After that, he never did get golf out of his brain, nor did Kit, who is the head pro at the Royal Harare Golf Club in Zimbabwe and recently hit the “Safari Circuit,” playing in the Ivory Coast Open, Kenyan Open, Zambian Open, Zimbabwean Open and Nigerian Open, none of which were ever sponsored by Bob Hope or Bing Crosby.

So many of the movies shown in Zimbabwe theaters were from Hollywood that Price said he knew America well before he ever got here. Asked what he thought of “Out of Africa,” Price said: “It was very realistic, a very good film. It showed exactly the attitudes of the people at that time, how the British were toward the blacks and so forth.

“I don’t normally like to talk politics, but things always catch up to you, don’t they? Someone does something 70 years earlier and you get lumbered with the problem, whatever it is. And it always takes another 20 years to change it.”

Price, 29, is grateful for changes that have freed him to play pro golf. That, too, has been a struggle. “In other sports where you prove yourselves in college, a fellow comes by and says, ‘Here’s a contract.’ People say golfers win too much money, but they don’t realize the gamble you take. My first three years as a pro, I don’t think I made more than 15,000 pounds.”

Advertisement

Fame and money first came one weekend in 1982 when Price led the British Open at Royal Troon in Scotland by three strokes with six holes to play. Four bogeys let Tom Watson take the title.

“I honestly don’t feel like I choked,” Price said. “Every time the ball hit the club face, I felt it was going in the direction I wanted it to. The shots felt right. I was perplexed, dazed, stunned, you name it, when I walked off 18 and knew I’d lost it. These things happen, I suppose.”

So do 63s, but not often.

“I’ve shot 63s before, but never at the Masters,” said Bruce Lietzke, Price’s playing partner Saturday.

No one had. And if anyone was going to, it certainly did not figure to be Price, who had opened his 1986 American tour with an 83 at Pebble Beach and had carded only four rounds under 70 in the eight tournaments before this one. Even his opening round of the Masters had been a miserable 79.

The guy had to shoot a 69 the next day just to make the cut by a stroke. A couple of bad putts Friday would have put Price on a plane instead of in the history books.

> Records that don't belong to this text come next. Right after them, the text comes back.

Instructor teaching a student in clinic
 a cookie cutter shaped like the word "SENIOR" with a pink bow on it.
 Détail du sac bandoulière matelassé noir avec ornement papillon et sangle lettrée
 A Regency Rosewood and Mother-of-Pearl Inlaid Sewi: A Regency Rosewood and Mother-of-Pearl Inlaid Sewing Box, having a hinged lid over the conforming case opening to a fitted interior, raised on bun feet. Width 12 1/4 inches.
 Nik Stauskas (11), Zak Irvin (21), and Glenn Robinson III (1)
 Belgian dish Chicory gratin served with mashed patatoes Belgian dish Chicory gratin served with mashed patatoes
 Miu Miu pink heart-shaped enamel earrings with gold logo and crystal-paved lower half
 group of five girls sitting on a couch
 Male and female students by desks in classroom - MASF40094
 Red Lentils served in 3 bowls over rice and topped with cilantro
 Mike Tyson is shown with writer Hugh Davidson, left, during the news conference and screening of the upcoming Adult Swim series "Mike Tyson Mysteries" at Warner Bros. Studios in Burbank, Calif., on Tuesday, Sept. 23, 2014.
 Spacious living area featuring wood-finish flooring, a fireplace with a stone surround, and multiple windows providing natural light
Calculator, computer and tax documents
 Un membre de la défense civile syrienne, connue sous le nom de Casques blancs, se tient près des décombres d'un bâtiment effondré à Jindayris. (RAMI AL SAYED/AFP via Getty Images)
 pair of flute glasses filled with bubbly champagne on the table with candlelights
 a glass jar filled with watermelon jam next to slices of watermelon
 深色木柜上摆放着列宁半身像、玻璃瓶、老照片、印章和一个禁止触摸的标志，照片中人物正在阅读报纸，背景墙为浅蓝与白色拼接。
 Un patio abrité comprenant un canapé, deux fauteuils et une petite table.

It was goof-free golf. Lietzke shot a 68 but said: “I had to get an eagle just to get honors.” There were 10 birdies for Price in all, and there would have been 11 had his putt at the 18th not lipped out.

Advertisement

On the other hand, that putt was too hard, probably, and could have gone several feet past the hole had the cup not slowed it. Lietzke, who had avoided the subject of the course record during the round, like a baseball pitcher’s teammate during a no-hitter, said of the putt: “I’d have lagged, but that’s how you get a nine-under-par--by being bold.”

The cup itself had been freshly painted for television, which has been a point of contention among players who claim the paint makes the fringe of the hole stiff and fast. “If you think the hole’s going to spit the ball back, what’s next?” argued Price, laughing off the complaint. “Even if they put concrete around the hole, a good putt should go in.”

At Warren Hills, the club in Zimbabwe where he learned how to play, and at other nearby courses, typically 7,000 yards long and 5,000 feet high, occasionally the greens felt as if they were paved with cement. But Price was a good enough golfer that he shot 63s twice in his homeland, once at the Vaal Reefs Open, once at a pro-am in South Africa.

But men played the Masters for 50 years without shooting a 63.

“I’m sure my record will be broken,” Price said. “I wish I could do it myself. Any fortune tellers around?”

No, but sometimes a new generation must come along before changes can be made.